As you can see above, it's possible to define a new function by providing just the attributes of an existing function. While function inputs and outputs can only be tensors, attributes can be anything. Attributes are easy to spot because they're surrounded by [] in both function definition and function application. Function attributes must always be given in keyword form.

Macros

Sometimes you'd like to work with higher-order functions. This is possible using macros.
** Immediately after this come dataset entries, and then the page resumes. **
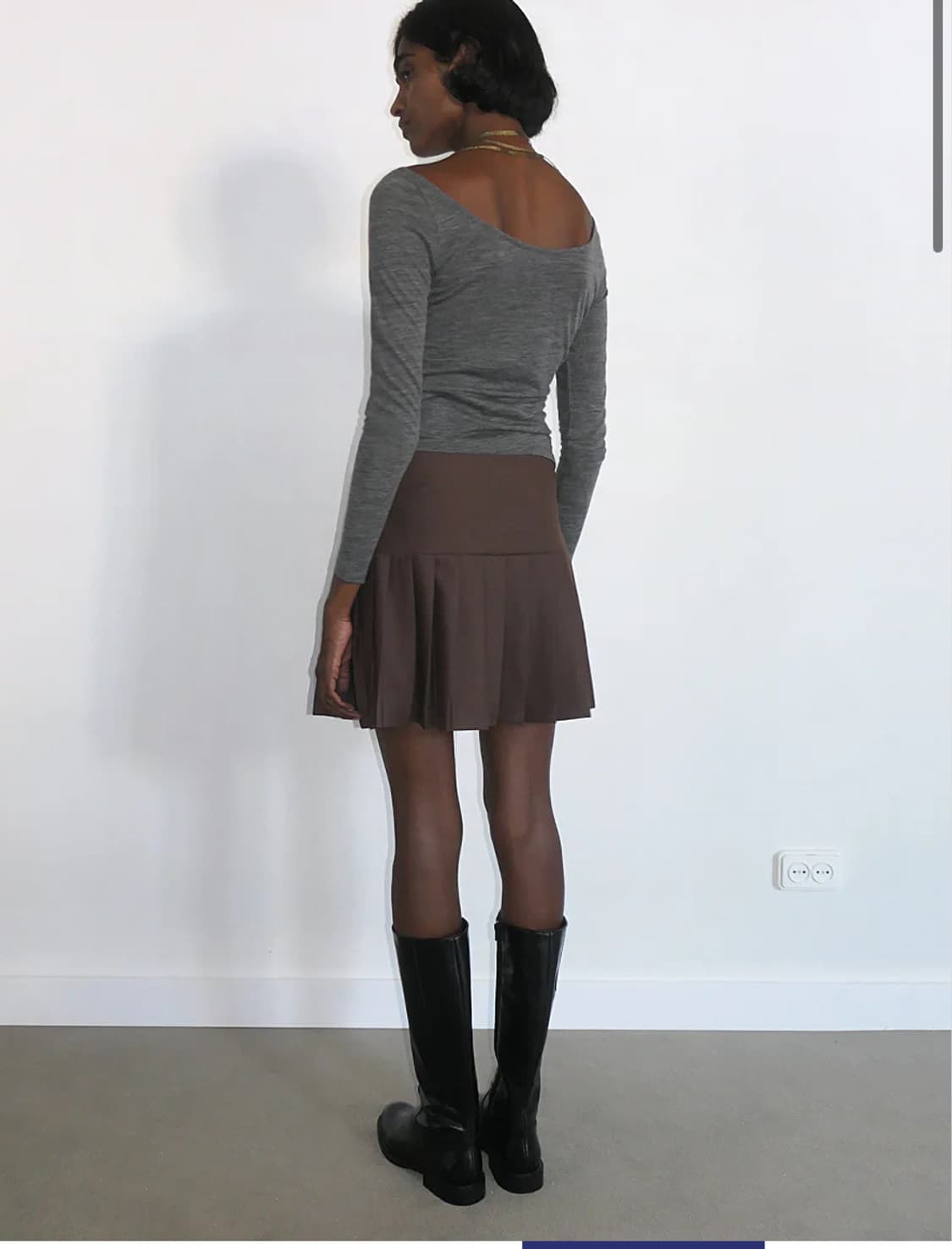 Paloma wool - Araceli II 스커트 상품이미지5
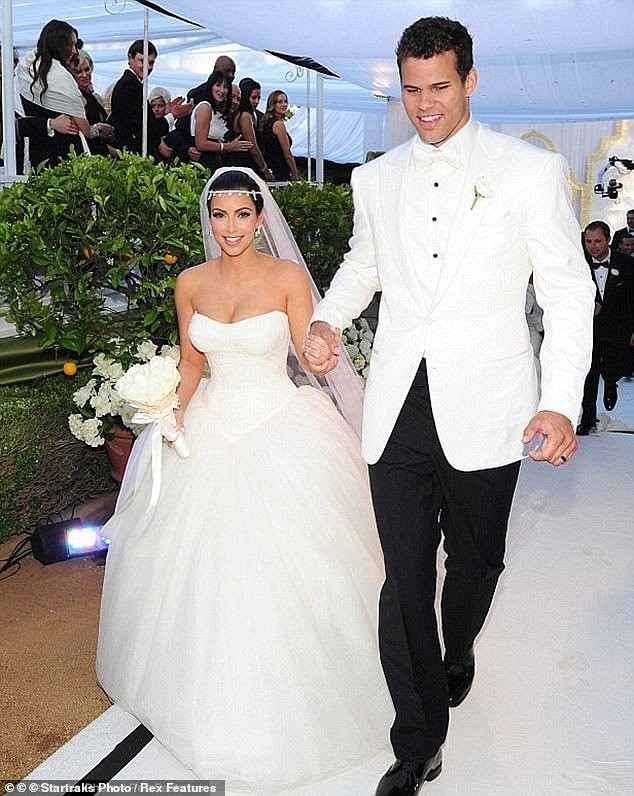 Kim Kardashian shares story of her grandma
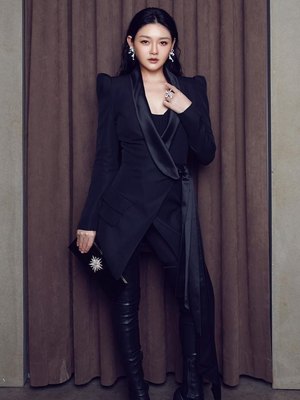 Barbie Hsu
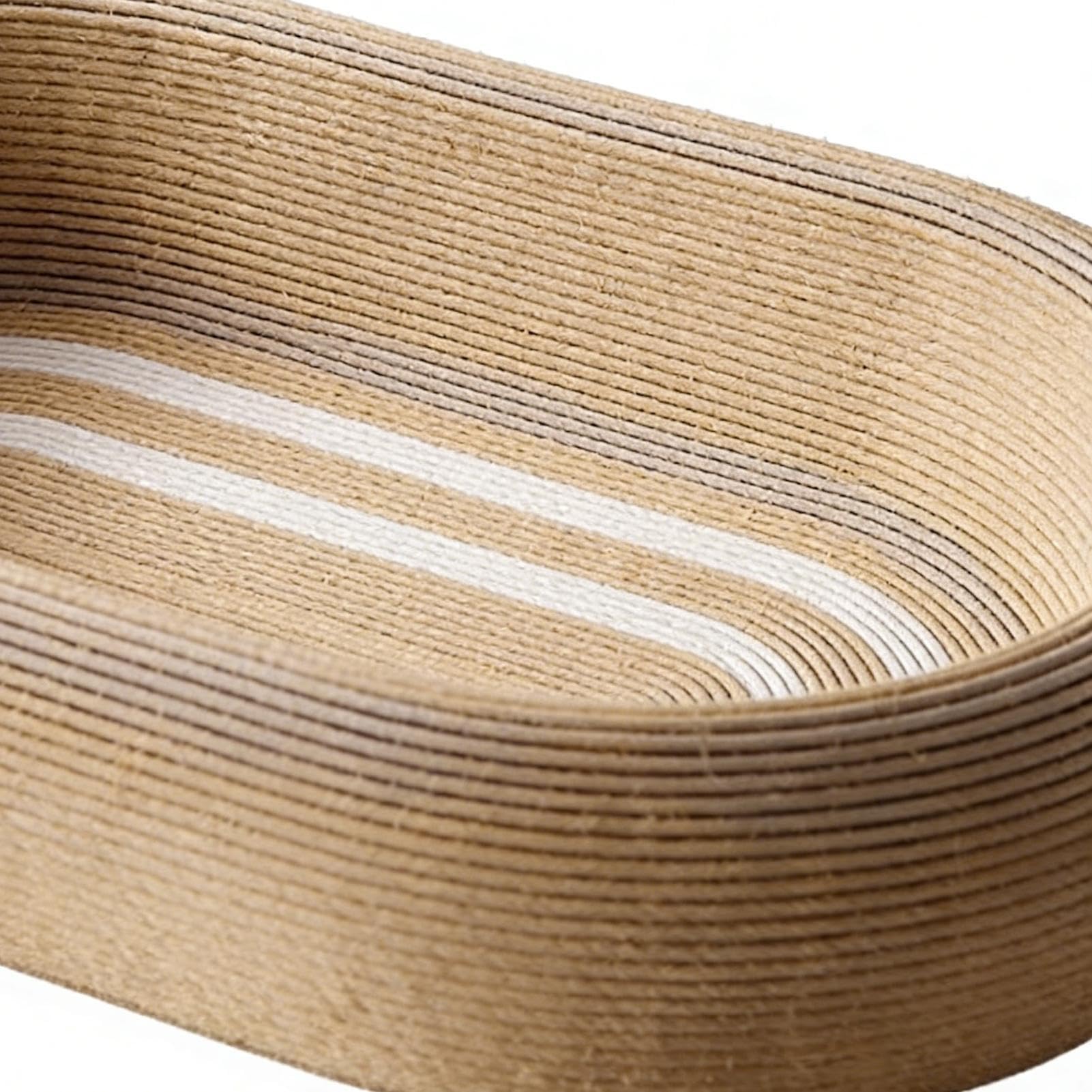 Almohadilla de sisal para rascar gatos, protección para muebles | Rascador de uñas de gato para casa, apartamento, hogar, sala de estar, dormitorio, piso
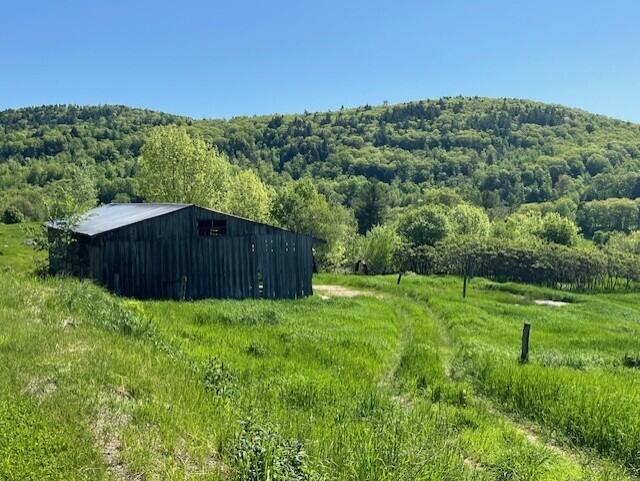 38 Kuvaja Road Greenwood ME 04255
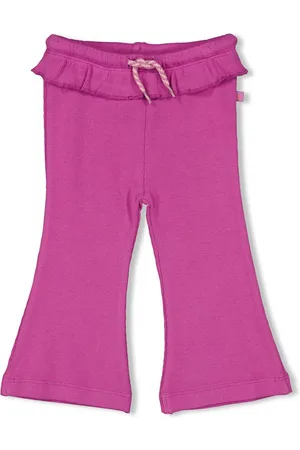 FEETJE Meisjes broek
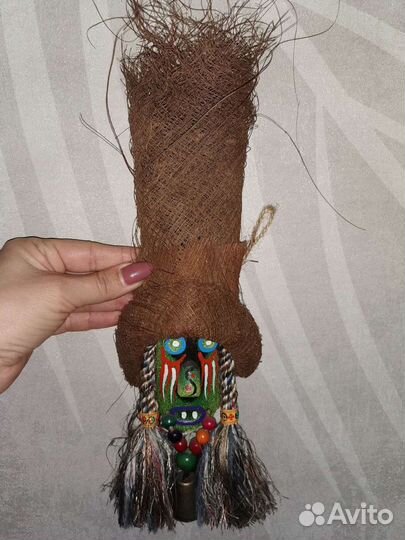 Ключница настенная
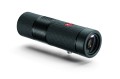 Monokular Leica Monovid 8x25 Czarny widok z boku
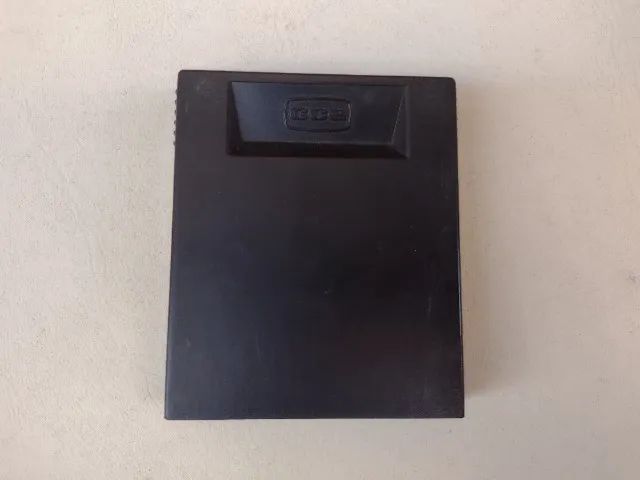 Pizza Chef - Cartucho Cce Para Atari 2600 - Foto 2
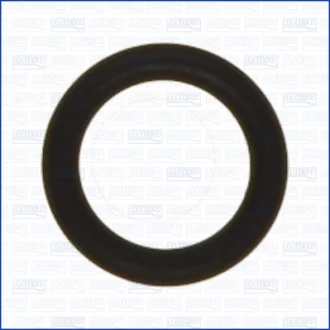 Уплотнительное кольцо, клапанная форсунка. AJUSA 16530900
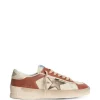 Sneakers Golden Goose Stardan Star-Patch bej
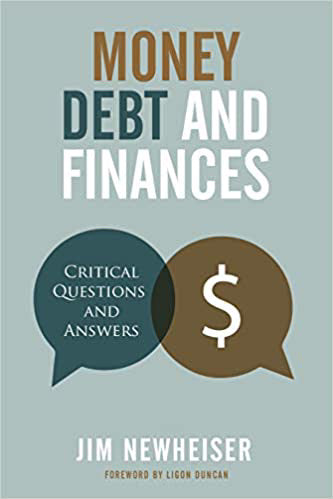 Money, Debt and Finances: Critical Questions and Answers
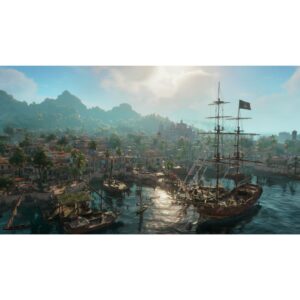 Assassin's Creed Black Flag Resynced Day One Edition PS5 NEW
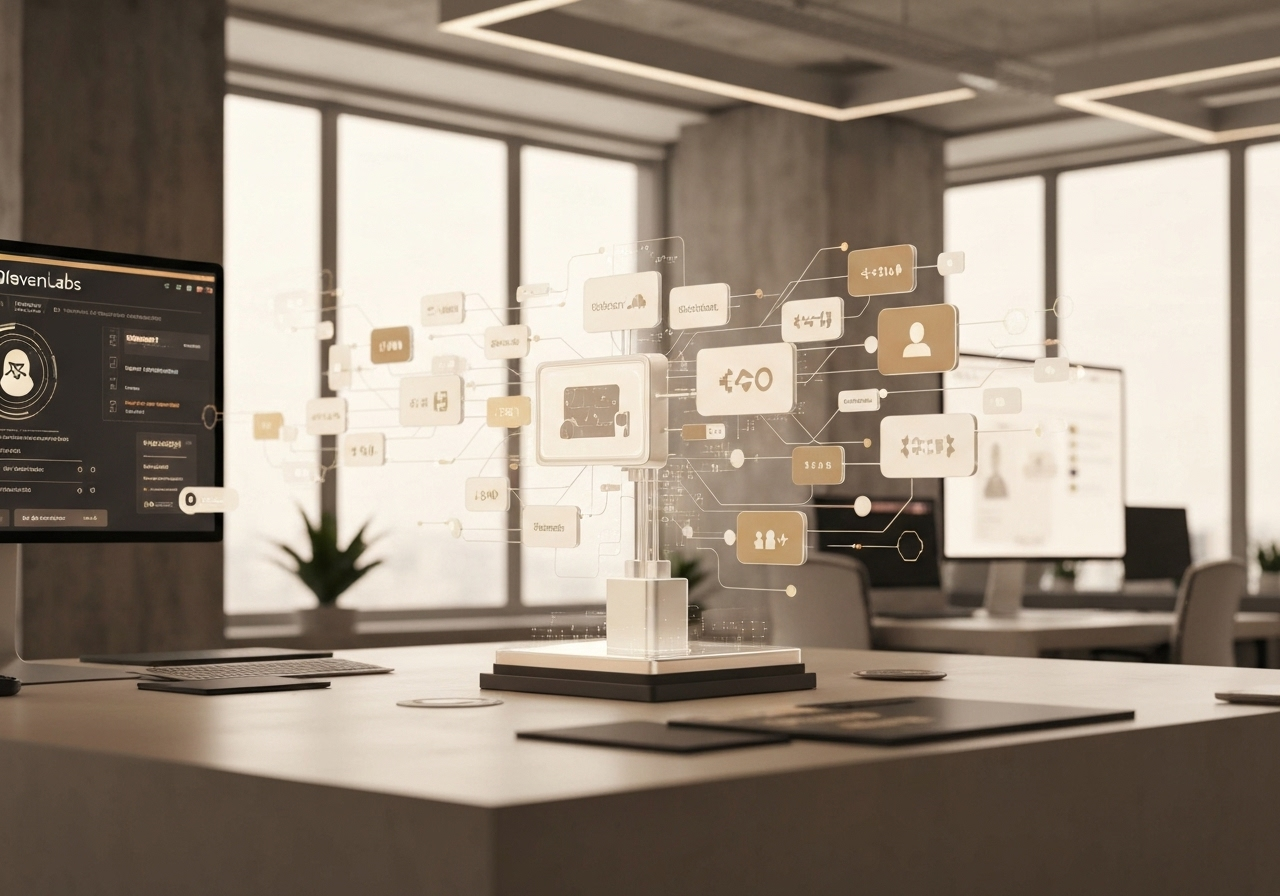 ИИ агент: Голосовой чат-бот с экспертами на базе графов знаний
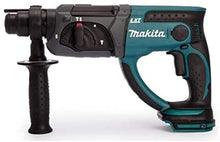 Load image into Gallery viewer, Makita DHR202Z 18v LXT Cordless SDS+ Hammer Drill Body Only
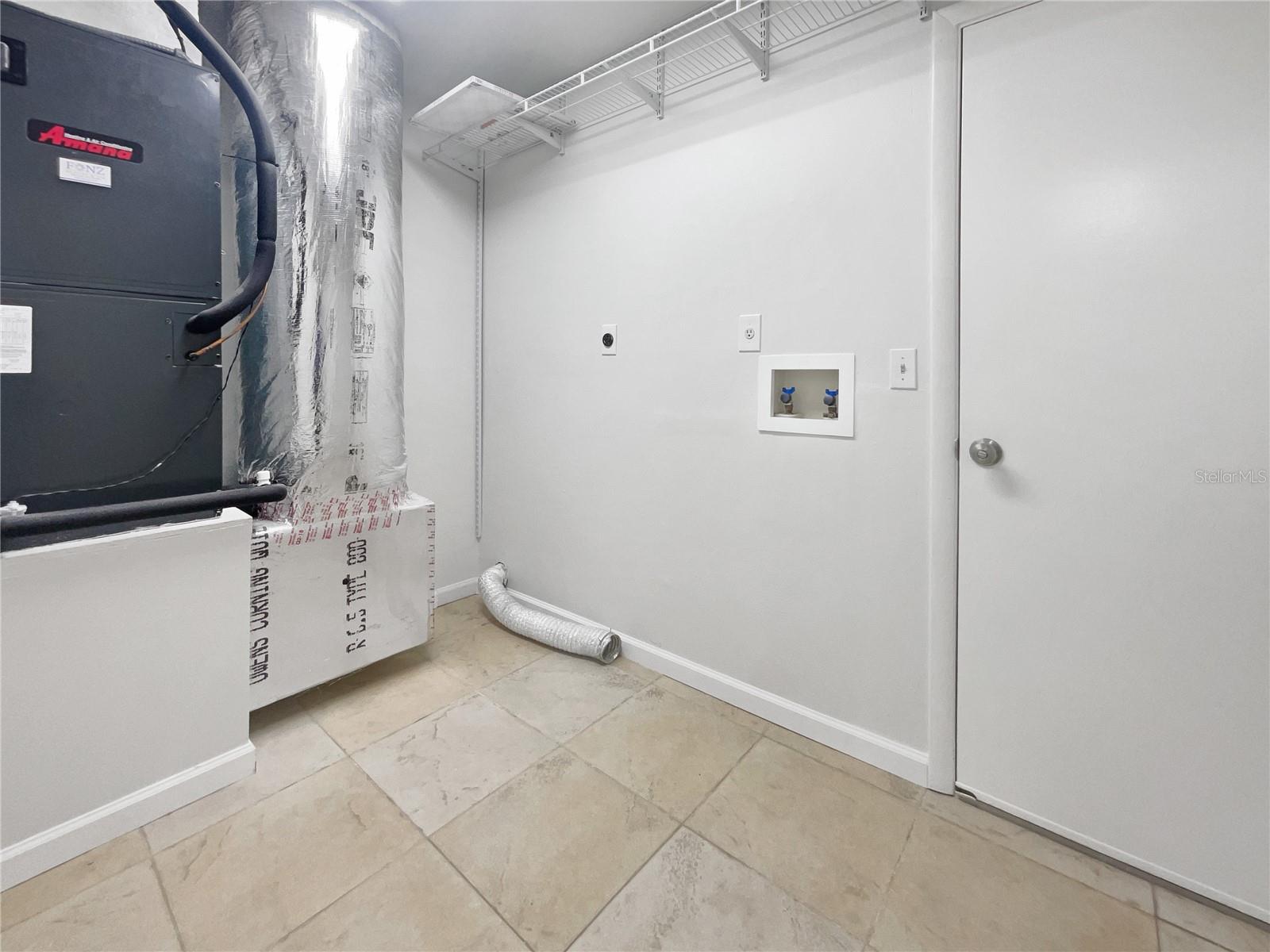 BRADEN OAKS - Residential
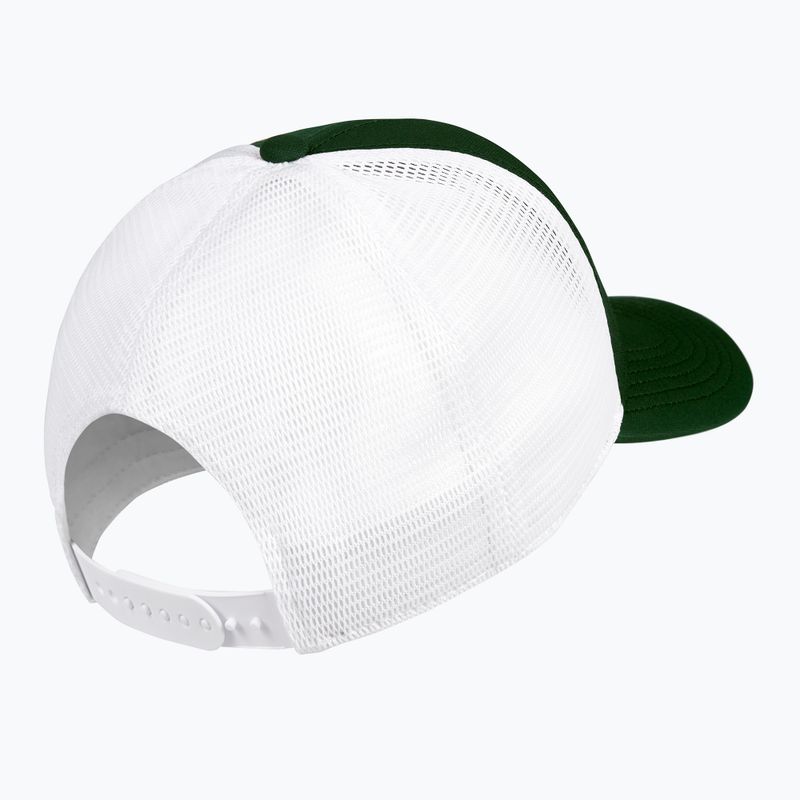 Шапка с козирка Nike AeroBill Classic 99 Brazil pro green 3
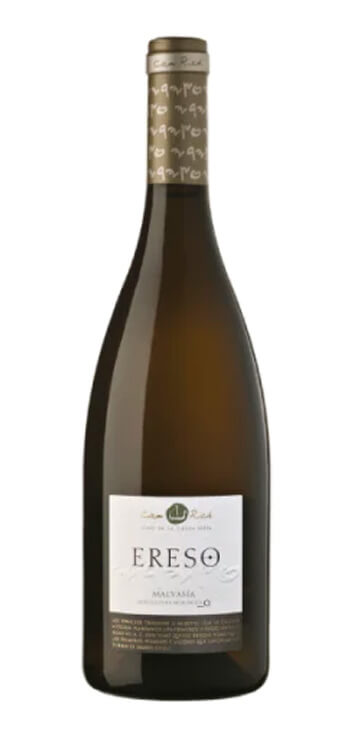 Vino Blanco Can Rich Ereso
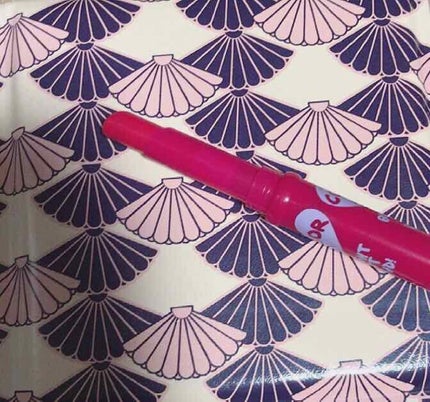 リップクリーム カラー BABY LIPS/MAYBELLINE NEW YORK/リップケアを使ったクチコミ(2枚目)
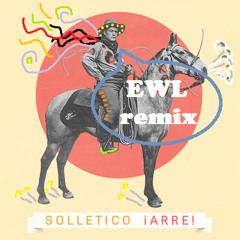 Trovadores-Bailando a lo loco (Ed Wood Lovers Remix)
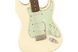 Електрогітара Squier by Fender Classic Vibe 60S Stratocaster FSR LRL Olympic White - фото 3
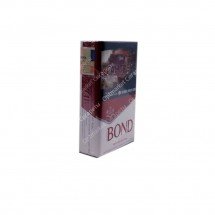 Сигареты BOND Red King Size 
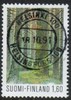Suomi 1991 - Seitsemisen luonnonpuisto - x paperi - Helsinki 100 18.10.91 Suomi 1991 - Seitsemisen luonnonpuisto - x paperi - Helsinki 100 18.10.91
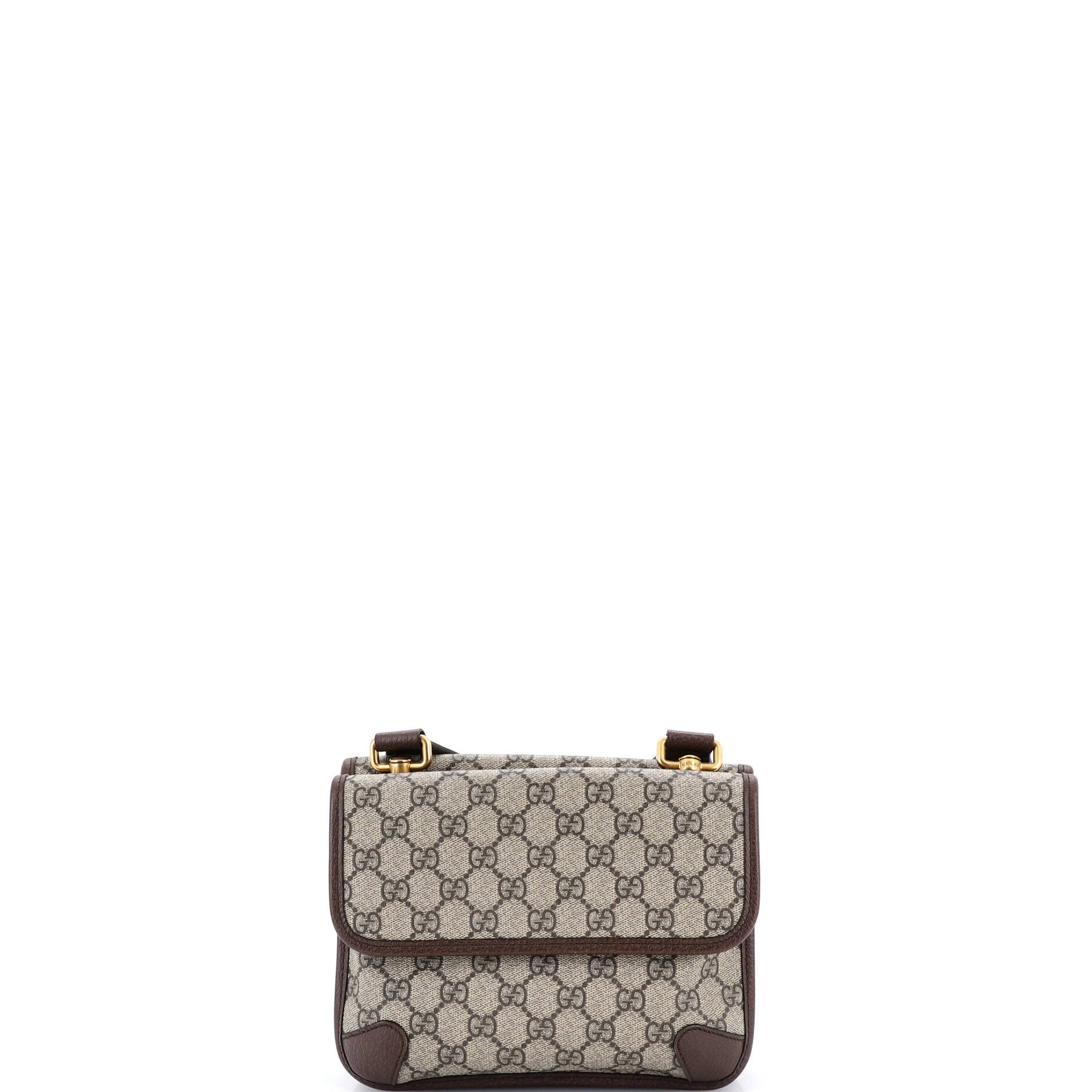 Gucci Neo Vintage Flap Messenger Size ONE SIZE - 3 Thumbnail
func incrementerFactory[amount] {
  emit fn = func(x) {
    emit sum = amount + x
  }
}

As you can see above, the only difference between a function definition and a macro definition is the use of () to specify zero or more arguments. If the () are present in a definition, it's a function definition. If they're absent, it's a macro definition.

Implementation Details

The current implementation of the Tensorlang compiler is written in Python 3. A future version of it may not depend on Python at all. It can generate graphs that are usable without Python. This is important for deploying in places like TensorFlow serving.

Python Integration

If you'd like to use graphs generated by Tensorlang in a Python project, a project like TFI can provide one-line access to a model from a normal Python program. TFI handles mapping mimetypes like image/png to tensors of the proper shape and dtype.